The Rose and Crown

J B Priestley
Arbery Productions
theSpace on Niddry St

The Rose and Crown

The Rose and Crown is a one-act teleplay from J B Priestley written for BBC in the post-war years of grim austerity, envisioned as a morality piece as well as a flirtation with his usual tinkering with time and reality.

The play revolves around the patrons of a typical London pub, who each arrive in the establishment, order a drink then mostly grumble or snipe at each other with petty recriminations until a strange suited and clearly supernatural man arrives with an ultimatum. One of them must come with him and between them they must decide upon who goes.

Priestley's little-known teleplay has been freshly adapted for the stage by Arbery Productions with an apparent view to drawing more of the humour and humanity from the piece. Drawing from the text with a playful banter between the actors, they squeeze a great deal of laughter and jocularity from the lengthy establishing pre-amble to the conflict.

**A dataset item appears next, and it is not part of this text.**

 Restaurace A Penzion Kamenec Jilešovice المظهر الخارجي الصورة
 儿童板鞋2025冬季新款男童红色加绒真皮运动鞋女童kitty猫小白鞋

Between the grumpy plumber, the cheeky curtain twitcher and the cheerful spiv, the cast manage to paint a recognisable evocation of post-war England in all its murkiness and commonplace grind. It's only when the spectre appears that they each scramble to point out their own worth and reasons for survival.

It's a well acted and craftily staged performance, with only a couple of niggling issues bringing down the whole. One is that the adaptation seems to have removed some of the explanation behind the appearance of the spectre, leaving the nature of where the people are being taken assumptive rather than explicit, leaving a tantalisation of a particular twist which hangs for a long time over the plot.

That said, it's a work that ought to be better known and Arbery has proven it has the chops to bring it to the masses.